## What needs to be done
The expected output is the full set of entries, printed exactly, without pictures.

## Records supplied
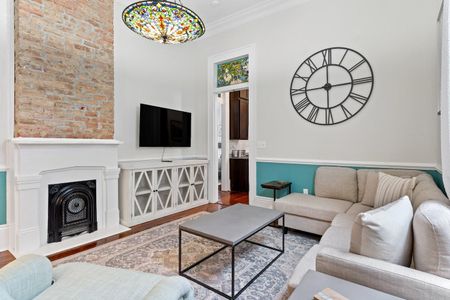 Airy living room w/ a Smart TV & classic white fireplace for relaxed evenings in.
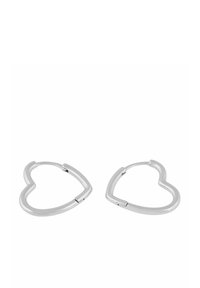 Ett par hjärtformade hoops i silverfärg med gångjärnsstängning mot en vit bakgrund.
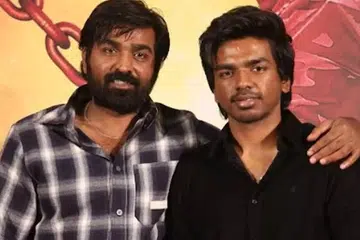 மகன் சூர்யாவுடன் விஜய் சேதுபதி.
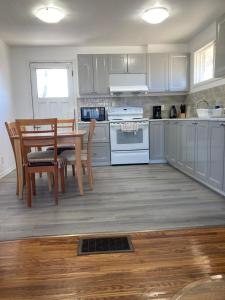 cocina con armarios blancos, mesa y sillas en Luckin Retreat with Large Backyard, en Trenton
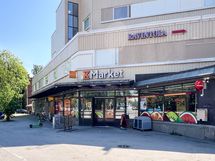 K‑Market Reimarla sijaitsee viereisessä rakennuksessa.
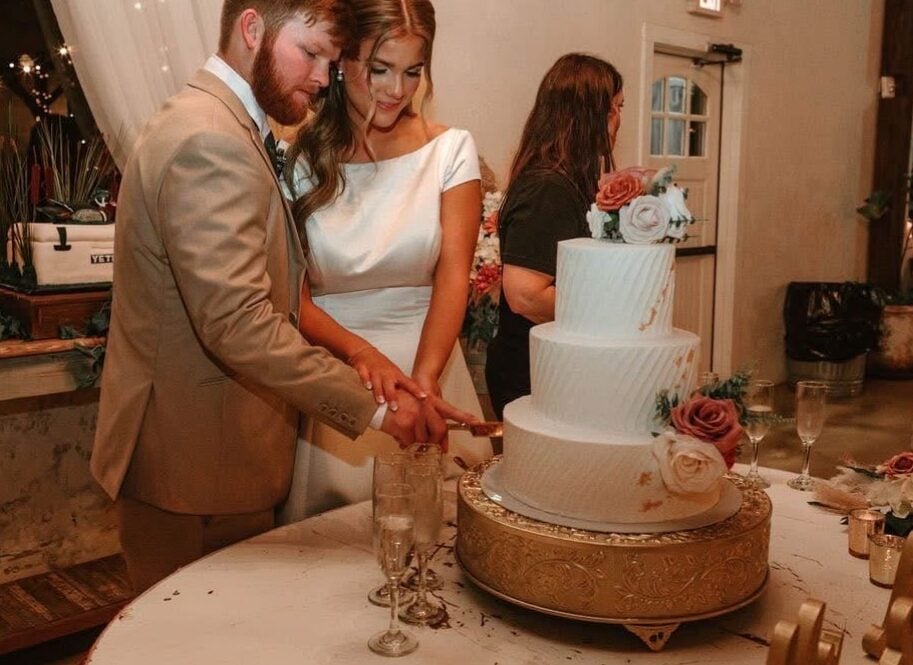 Cydney and Jaden cutting their wedding cake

## Task result
 Airy living room w/ a Smart TV & classic white fireplace for relaxed evenings in.
 Ett par hjärtformade hoops i silverfärg med gångjärnsstängning mot en vit bakgrund.
 மகன் சூர்யாவுடன் விஜய் சேதுபதி.
 cocina con armarios blancos, mesa y sillas en Luckin Retreat with Large Backyard, en Trenton
 K‑Market Reimarla sijaitsee viereisessä rakennuksessa.
 Cydney and Jaden cutting their wedding cake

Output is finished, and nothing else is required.